In terms of architecture, the new CLS is essentially a four-door E-Class Coupe (not to be confused, of course, with the run-of-the-mill E-Class Sedan). The exterior styling makes the relationship clear, but it's not as simple as all that.
The CLS wears the company's new "crease-free" exterior styling, as forecast by some of its recent concepts. To keep the design crisp and edgy without them, the CLS gets angular headlights that are better proportioned than the ones on the outgoing car and a wide, GT-like grille.
Shown here in base-spec CLS 450 guise, it is powered by a 3.0L twin-turbocharged inline six supplemented by a 48-volt electrical system. The ICE produces 362 horsepower and 369lb-ft of torque. The electric assist adds 21 horsepower and a whopping 184lb-ft of torque, however the press materials from Mercedes do not provide a total system power. As with most hybrids, we suspect that simply adding those figures together is not representative of its real-world combined output.
At launch, the CLS 450 will be available with both rear- and all-wheel-drive. Both models will sport the company's now-ubiquitous nine-speed automatic transmission.
Inside, the CLS takes design cues from the E-Class Coupe again, but with one significant twist: The 2019 Mercedes-Benz CLS will be the first to boast seating for five rather than a 2+2 configuration.
Elsewhere, however, it's basically standard fare for a Mercedes-Benz interior. Atop the dash sits a 12.3-inch COMAND infotainment control screen (with a 12.3-inch companion cluster display also available), and elsewhere you'll find NFC-enabled device pairing, wireless charging, and numerous other standard and optional tech features.

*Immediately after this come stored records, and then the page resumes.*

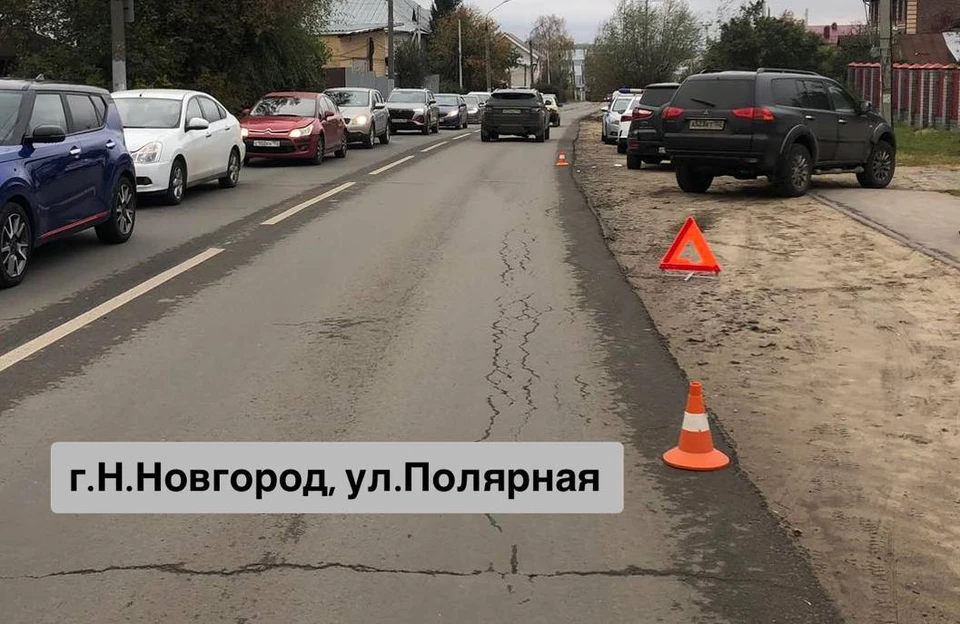 Водитель иномарки сбил 8-летнего мальчика в Нижнем Новгороде.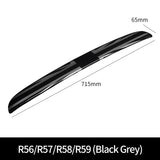 Rear Trunk Decorative Strip Cover for Mini Cooper R56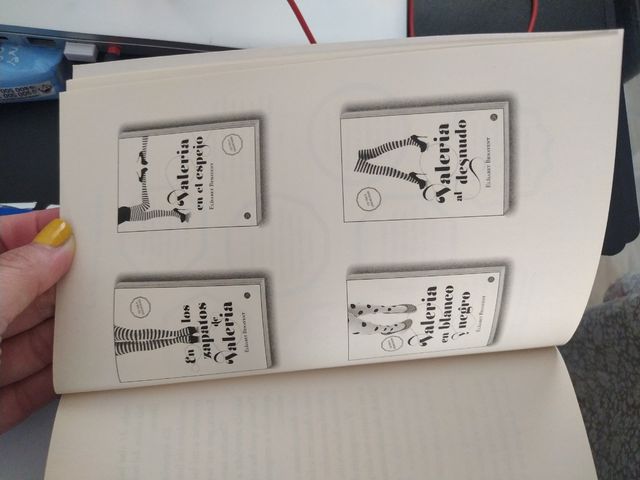 En los zapatos de Valeria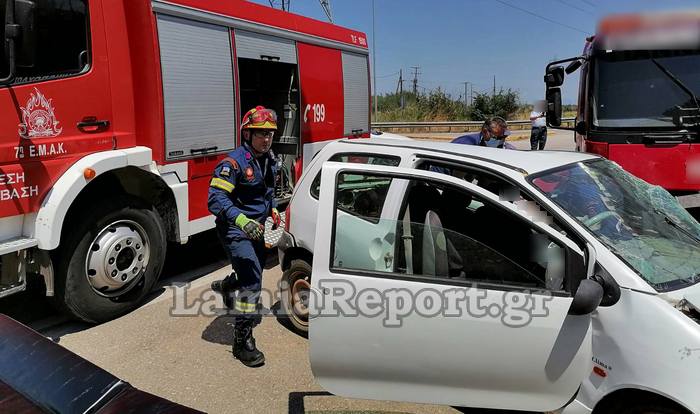 τροχαίο Λαμία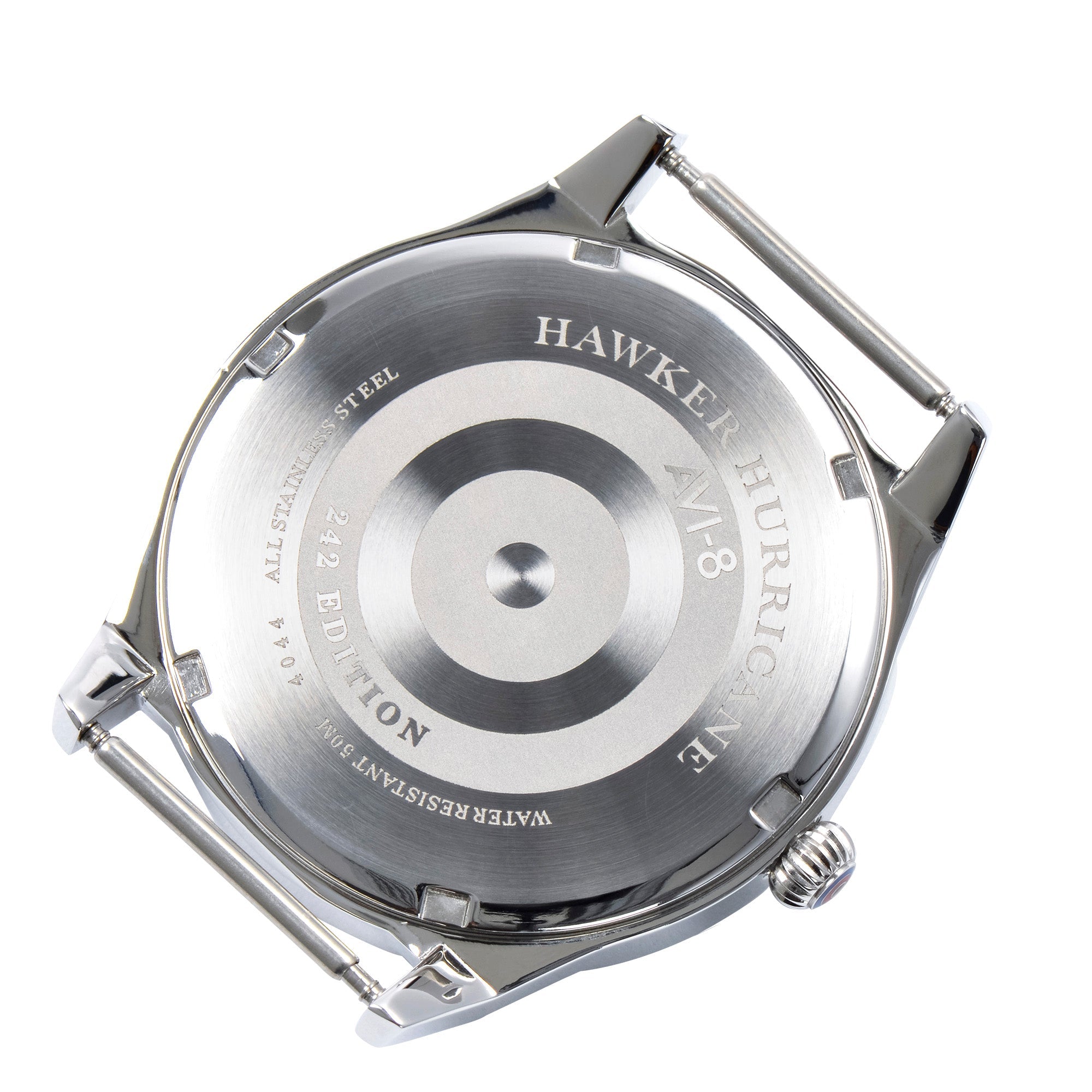 AVI-8 Hawker Hurricane Automatic Watch Black Blue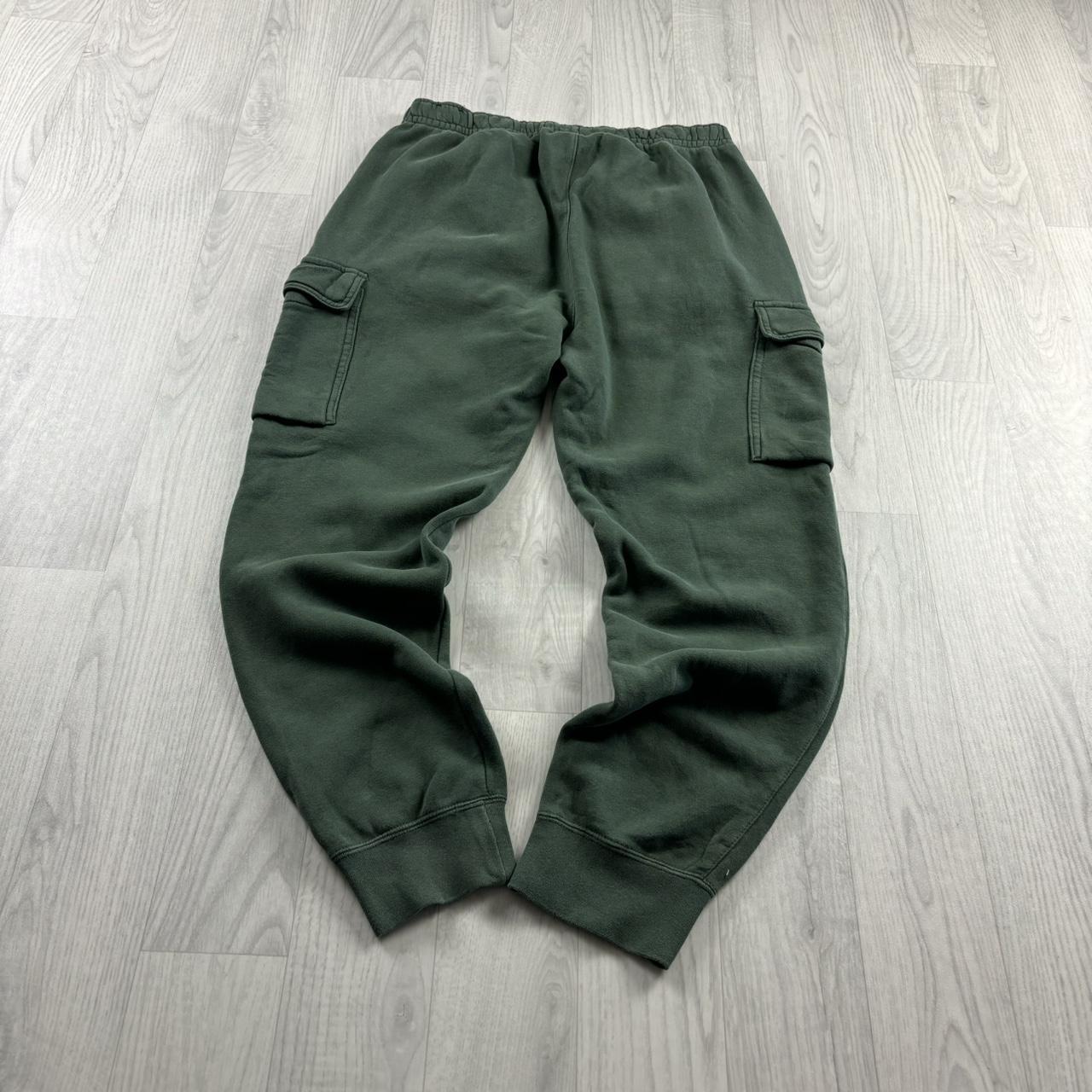 NIKE BAGGY CARGO SWEATPANTS GREEN (M)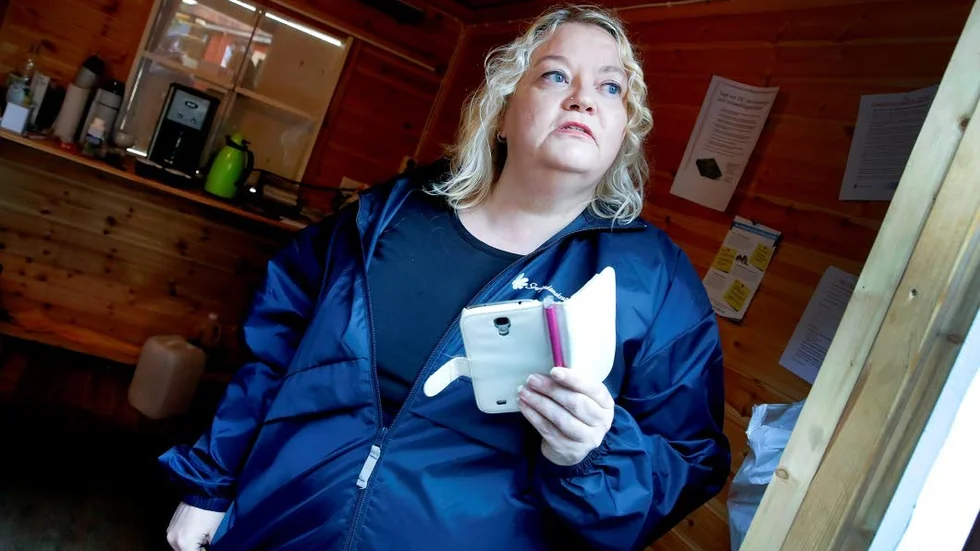 Tillfälligt avhopp. Carita Elfving, gruppledare SD Luleå.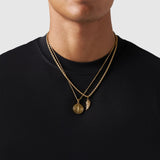 Make A Pendant Set (Gold)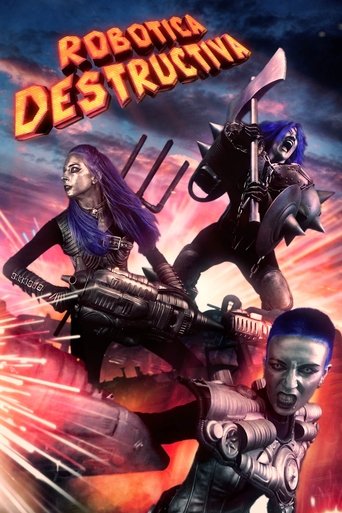 Póster de Robotica Destructiva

Mercedes-AMG will sell its own variants of the CLS, including a likely six-cylinder variant (to correspond with AMG43 versions of other models) alongside range-topping V8 models with 600 horsepower (or possibly more). It will slot beneath the Porsche Panamera-fighting sedan the sub-division is developing as a four-door alternative to the GT.
The next-generation Mercedes-Benz CLS will compete in the same segment as the second-gen Audi A7 introduced recently. Its BMW-badged rival, the 6 Series Gran Coupe, is no longer in production, so that's one less competitor for the German duo to worry about.
Live images by Brian Williams.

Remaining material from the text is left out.